The opposite of repatriation is non-repatriation. In the case of investment on non-repatriation basis, the funds cannot be transferred back to the NRIs country of residence nor can they be converted to any foreign currency.

Separate NRI Bank account types are available for investments on a repatriable and non-repatriable basis.

The Non-Resident External (NRE) and Foreign Currency Non-Resident (FCNR) bank accounts are designed for investment on a repatriation basis. Any funds held in these accounts can be converted into foreign currency and transferred to your overseas account at any time. These accounts are also called NRI repatriable account.

The Non-Resident Ordinary (NRO) bank account is designed for investment on a non-repatriation basis. The NRO accounts are commonly used to manage NRIs earning in India from sources like rent, pension, dividends etc. This account is also called NRI non-repatriable account.


NRI Repatriation Limit

There are no repatriation limits on the funds held in NRE and FCNR bank accounts and are freely repatriable.

The funds held in NRO bank account are subject to certain limits as per below:

  • The principal amount held in NRO is not repatriable.
  • The interest earned on NRO balances is freely repatriable.
  • The income earned in India in nature of rent, salary, dividend, pension, etc. and proceeds from the sale of financial assets viz. equity stocks, initial public offering (IPO), mutual funds and proceeds from the sale of immovable property in India is repatriable up to USD 1 million per financial year. Any repatriation above the mentioned limit is subject to RBI approval.

NRI Repatriation of Funds from India

Apart from the repatriation limits, there are certain NRI repatriation rules applicable as per below:

  • The repatriation of funds from NRO account is allowed only after payment of applicable taxes on income earned in India and on the sale proceeds of the investments done by NRI.
  • The repatriation of funds from NRO account can be done to any NRE account of the NRI or the overseas bank account of the NRI but not to the third party.
  • The repatriation limit of USD 1 million is applicable across all the NRO bank accounts held by NRI.
  • The repatriation limit of USD 1 million from the NRO account allowed per financial year has to be utilized in one financial year only. There is no carry forward permitted if the limit if unutilized.

Documents required for NRI repatriation of funds

An NRI can repatriate funds from NRE, NRO and FCNR bank accounts. To process the repatriation, an NRI is required to furnish the list of below generic documents. Note: There can be a slight variation in requirements from bank to bank.

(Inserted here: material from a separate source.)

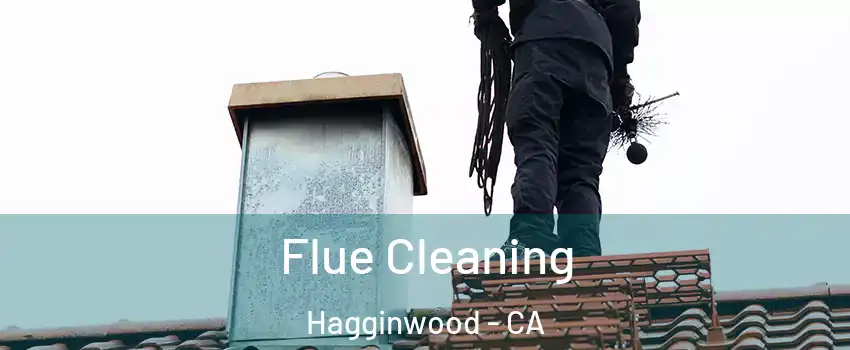 Flue Cleaning Hagginwood - CA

  1. Documents required in case of repatriation from NRE/FCNR account
    • Request to Bank for repatriation - An NRI needs to fill up the request form to notify the bank about the remittance.
    • A2 Form known as 'FEMA declaration' or form for outward remittance. [Sample form from RBI website A2 Form]. Each bank has its A2 form with its logo and specific instructions if any. The A2 form is required to apply for the purchasing of foreign exchange. An NRI is also required to mention the NRI repatriation purpose code for which the funds are required to be repatriated.

    The forms are available on the bank website. NRIs can download the form and send the duly filled up form to banks via courier for processing. Alternatively, many banks are also offering online repatriation services to NRIs.

  2. Documents required in case of repatriation from NRO account
    • Request to Bank for repatriation.
    • A2 Form.
    • Form 15CA - This form is required to be filled by the NRI remitting the funds as a self-declaration furnishing the details of the payment that are liable to taxes.
    • Form 15 CB - This is a certificate from Chartered Accountant declaring that applicable taxes on the funds to be remitted have been paid.
    • Supporting documents to prove the source of funds.

    An NRI needs to upload or scan and email the self-attested copies of all these documents to the banks for processing the repatriation request. The banks may also ask for physical copies to be courier if required.


NRI repatriable Investment options

A repatriable investment is the one wherein the investments are made by NRI from NRE accounts. NRIs can invest in Indian equity on a repatriation basis however for this NRIs will need to route through the PIS route wherein each transaction will be reported to RBI. Apart from this, the government has specified various other investment options for NRI on a repatriation basis without any limit.

  • Government dated securities;
  • Treasury bills (T-bills);
  • Units of domestic mutual funds;
  • Bonds issued by a Public Sector Undertaking (PSU) in India.
  • Shares in Public Sector Enterprises being disinvested (partial dilution) by the Central Government.
  • Bonds/ units issued by Infrastructure Debt Funds.
  • Listed non-convertible/ redeemable preference shares or debentures
  • Perpetual debt instruments (with an overall ceiling of 24%) and Debt capital instruments issued by banks in India to augment their capital.
  • Initial Public offerings.
  • National Pension System. (This option is available for NRIs between 18 to 60 years)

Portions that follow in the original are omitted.